It is a waste of taxpayer’s money – sadly, people
with MND can only get worse; they don’t get better – and these
assessments will deliver the inevitable results. MND Scotland shouldn’t
need to be wasting its time and limited resources to lobbying for change
to the benefit system that Scotland never voted for in the first place.
Deputy First Minister,
Nicola Sturgeon, has just announced the first report from the Expert
Working Group on Welfare Reform (http://tinyurl.com/q5v87ul)
which is very timely. It looks at how an independent Scotland might
initially deliver its welfare system and it sets out the views of key
stakeholders on the immediate priorities for welfare policy change.
Another area that I’ve
been closely identified with across the years is that invidious and
underground one of human trafficking and alongside it, the treatment of
asylum seekers, especially young ones. I spoke to a Motion put forward
by my colleague, Aileen Campbell, MSP, on these two related subjects on
Thursday.
With the UNHCR World Refugee Week (http://tinyurl.com/42szqv9)
coming up (17-23 June), the motion underlined the importance of the
Scottish Guardianship Service (http://tinyurl.com/qb8gtoe)

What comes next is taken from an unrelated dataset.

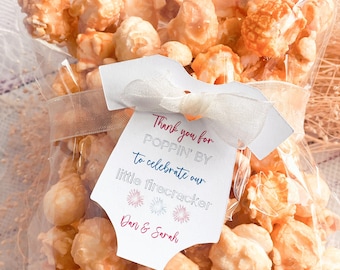 Puede incluir: Una bolsa de plástico transparente llena de palomitas de maíz con caramelo con una etiqueta blanca adjunta. La etiqueta tiene forma de mono y tiene el texto "Thank you for POPPIN' BY to celebrate our little firecracker Dan & Sarah" con ilustraciones de fuegos artificiales rojos, blancos y azules.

and the great work that it does.
The UK Border Agency sees
it as fit and proper to treat children as young as 10 or 11 years old in
the same way that it handles adults. They may be asylum seekers or
victims of human trafficking – sometimes both. That means
fingerprinting, photographs and lengthy interviews, probably through an
interpreter, plus the preparation of a testimonial that you probably
won’t understand even though upon it will depend your right to stay and
be cared for.
Scotland has a model
system, supported by the Scottish Government, which provides guardians
for each individual; someone to help them understand this confusing and
incomprehensible world of bureaucracy and legal rights.
All of the evidence points
to just how helpful this model is. The Guardians are able to deal with
the enormous complexity of their work because they have the
qualifications and skills to do so. They are thoroughly trained,
supervised and supported and they are committed to the young people they
work with and for.
The Scottish Government has
already pledged to develop the Guardianship programme so that young
people entering Scotland in this way will have someone they can trust
and rely upon to help their case. Not a civil servant, but an advocate
who understands and who cares about that individual child’s future.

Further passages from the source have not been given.